Where does the 3rd power of the denominator of the curvature of the graph of a function come frome? According to Wikipedia, the curvature of the graph of a function $f$ is given by the following ratio (assuming second-differentiability).
$$\mathscr{k}_f(x) = \frac{f^{\prime\prime}(x)}{(1 + [f^{\prime}(x)]^2)^{\frac{3}{2}}}$$
The denominator of $\mathscr{k}_f(x)$ is nearly of the form $(a^2 + b^2)^{\frac{1}{2}}$ that makes me think about it as the radius of a circle, but this intuition is cut short by taking that "radius" to the third power. Where does this third power come from in the derivation or definition of this functional?
 A: It is the numerator that should be looked at as it influences shape more strongly.
To me it appears that you are thinking more on rotation up from the vicinity's lowest tangent position at bottom position of a parabola, circle, catenary etc.
Curvature is defined as the speed or rate at which slope changes. When the rotation $\phi$ goes all the way up to 90 degrees then  to include same curvature it  is necessary to augment/ modify the parabola curvature  away from the starting “shallow”   situation.
The curvature is not proportional  to $\sec \phi$  but should be proportional to $\sec^3 \phi$
If that change is not made, it keeps getting flatter and flatter.E.g., if we had only the ode
$$ \dfrac{y''}{\sqrt{1 +y^{‘2}}}$$
then on integration we find this to be a catenary that refuses to curl up.

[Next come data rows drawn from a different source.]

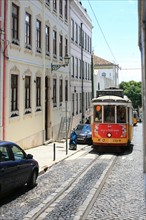 portugal, lisbonne, lisboa, signes de ville, a bord du tramway numero 28, transport, bairro alto
Date : septembre 2011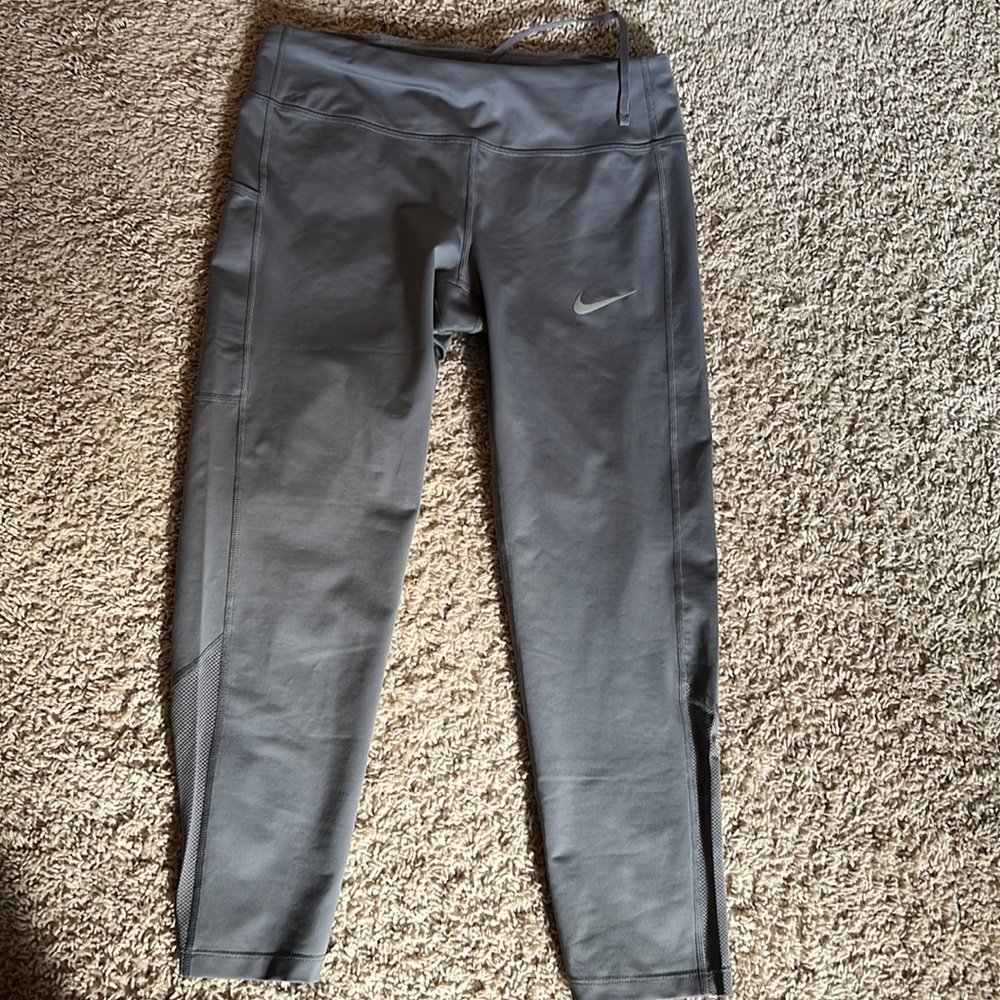Nike quarter length leggings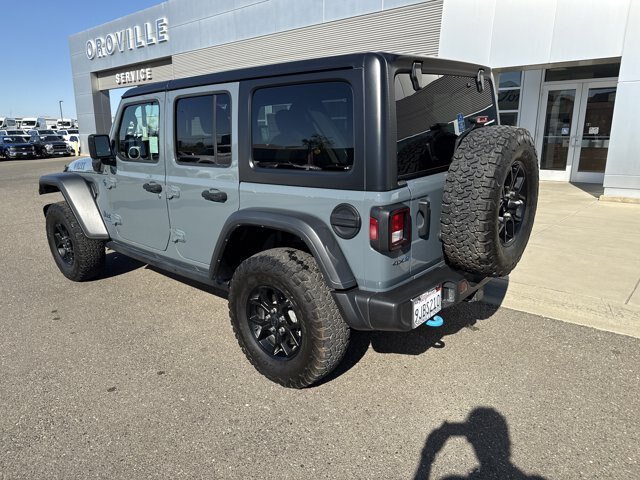 Used 2024 Jeep Wrangler Unlimited AWD/4WD image 3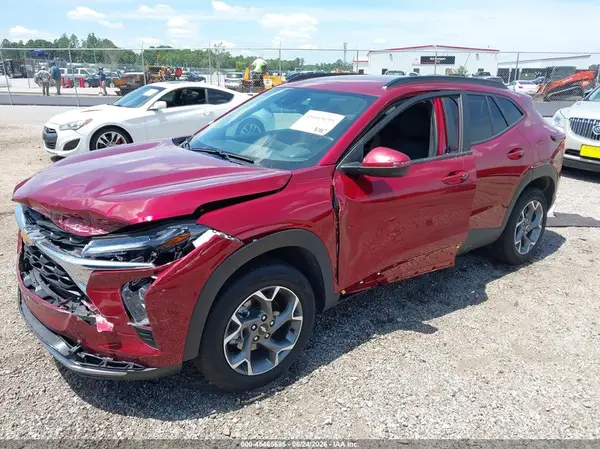 KL77LHEP1SC237394 2025 CHEVROLET TRAX - Image 2
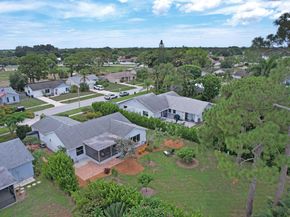 146 Village Circle, Jupiter FL 33458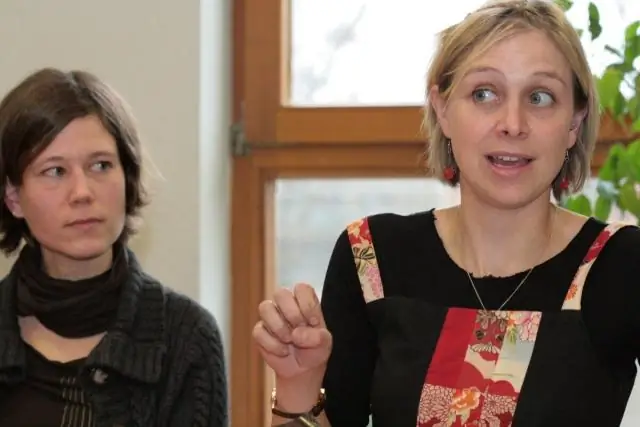 Где Люси Бернс училась в школе?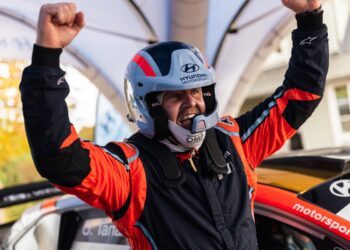 Urmo Aava, Foto: Silvo Voznesenski, Masinawärk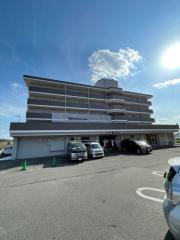 オアシス宮の前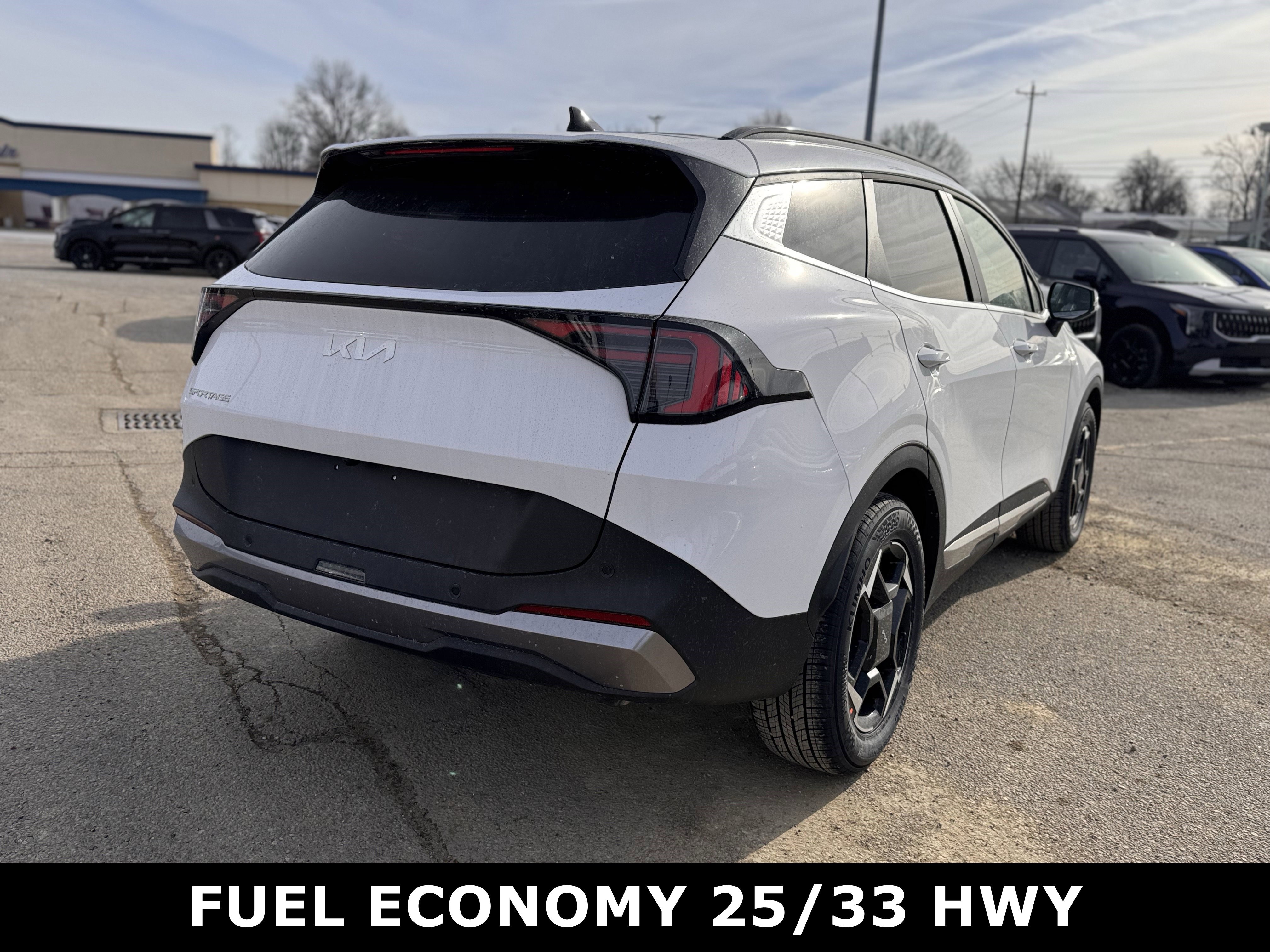 New 2026 Kia Sportage EX image 3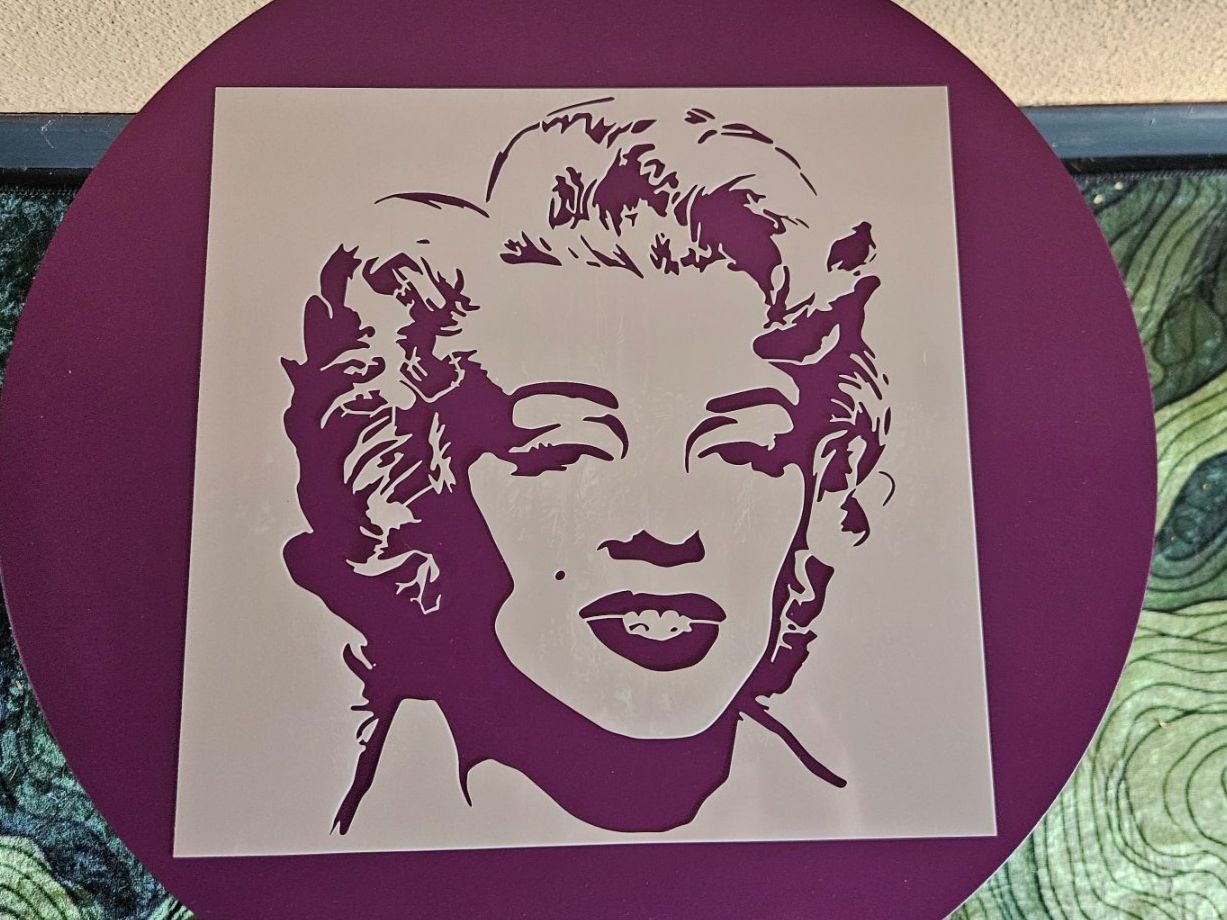 Sciablone: Marilyn Monroe Schablone 🎨 – Usato da Basel venduto da True_Hofer_Store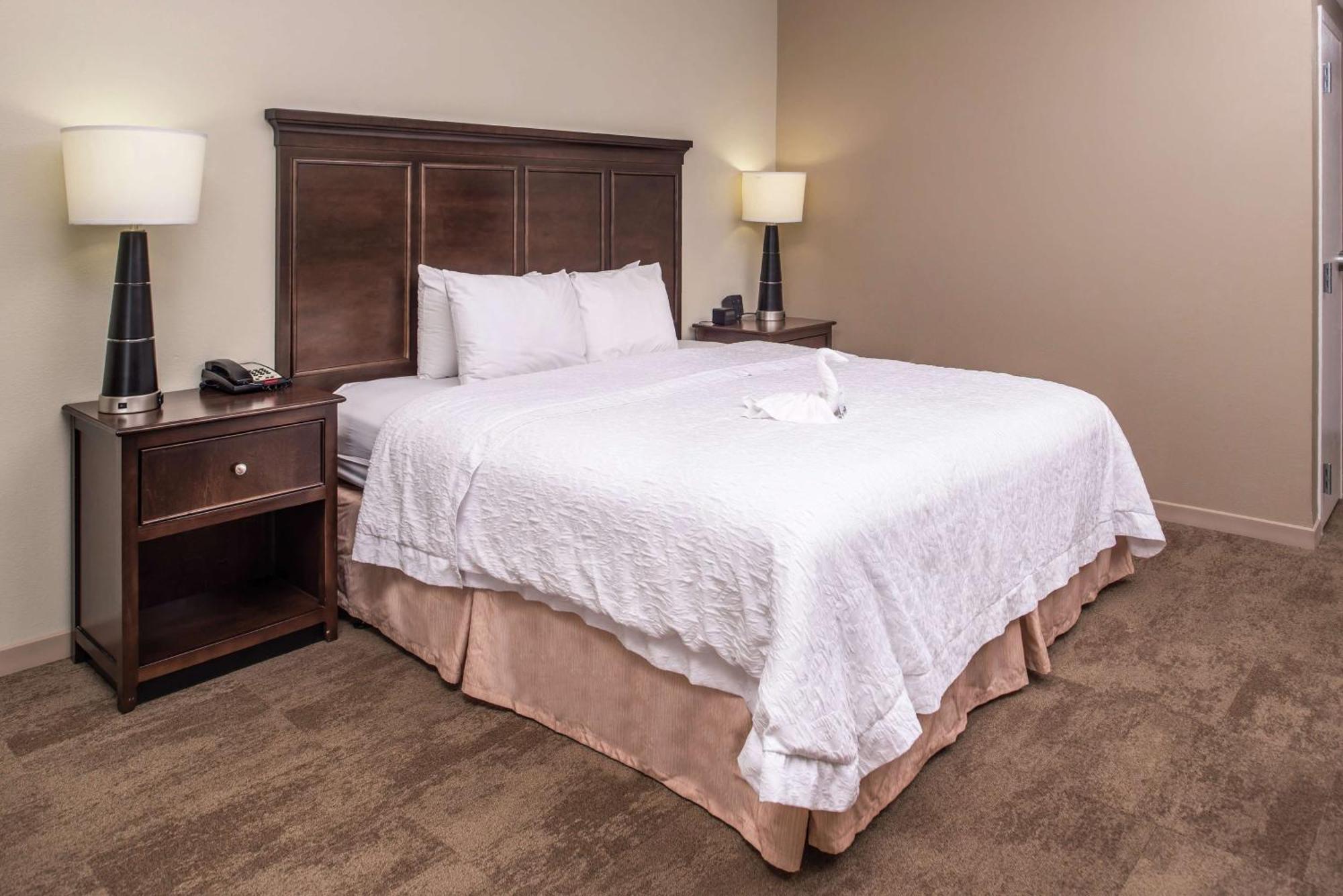 Hampton Inn&Suites Charlotte Arrowood Extérieur photo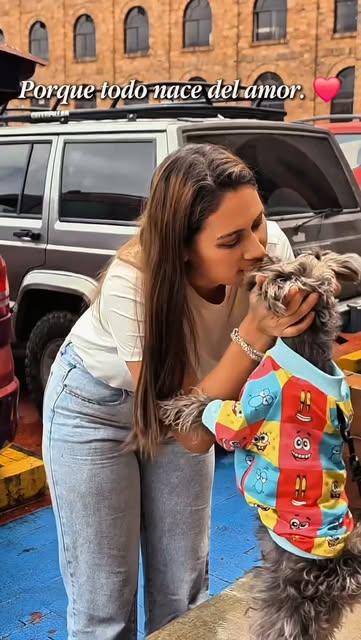 Gloria abrazando a Bimba, su perrita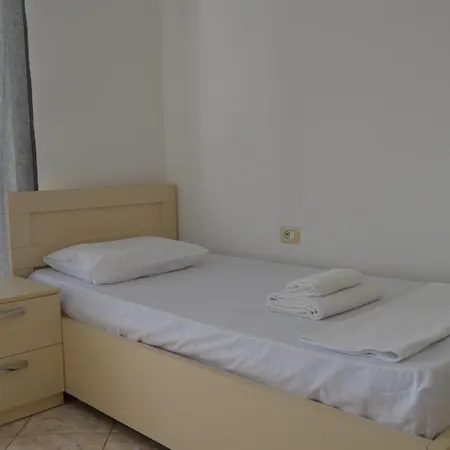 Stefani 3 * Saranda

With a circle,  curvature is increased to:
$$ \dfrac{y’’}{[1 +y^{‘2}]^\frac32}$$
Similarly leave alone the numerator and looking at the denominator as sum of two squares $ dx^2+dy^2 $  for constant
$$ \dfrac{y’’}{[1 +y^{'2}]}$$
we have a catenary of uniform strength where vertical limbs straighten up fast by this slope

In the more exaggerated case of a Cornu's spiral for example where the curvature is proportional to the arc length
$$ \dfrac{y’’}{[1 +y^{‘2}]^\frac32}= s \text{(=arc length )} $$
it curls up almost indefinitely like a creeper or ivy.
The behavior  of slope / curvature would be clear on seeing graphs of some of these curves very roughly sketched:

A: The curvature $K$ is defined as (the absolute value of) the rate of change of the angle of the curve's tangent with respect to the curve's arc length. That is, for
$$y = f(x)$$
$$K = |\frac{d\theta}{ds}|$$
where $\theta$ is the angle of the tangent and $s$ is the arc length.
Now
$$\tan\theta = f'(x) = y'$$
so
$$\sec^2\theta\frac{d\theta}{dx} = y''$$
$$(1+\tan^2\theta)\frac{d\theta}{dx} = y''$$
$$(1+y'^2)\frac{d\theta}{dx} = y''$$
Therefore
$$\frac{d\theta}{dx} = \frac{y''}{1+y'^2}$$
From Pythagoras' theorem,
$$ds^2 = dx^2 + dy^2$$
so
$$\frac{ds}{dx} = (1 + y'^2)^\frac12$$
And since
$$K = |\frac{d\theta}{ds}| = |\frac{d\theta}{dx} \frac{dx}{ds}|$$
we have
$$K = \frac{|y''|}{(1+y'^2)^\frac32}$$
(The denominator is guaranteed to be positive).

You should verify that a circle has constant curvature, which is the reciprocal of its radius.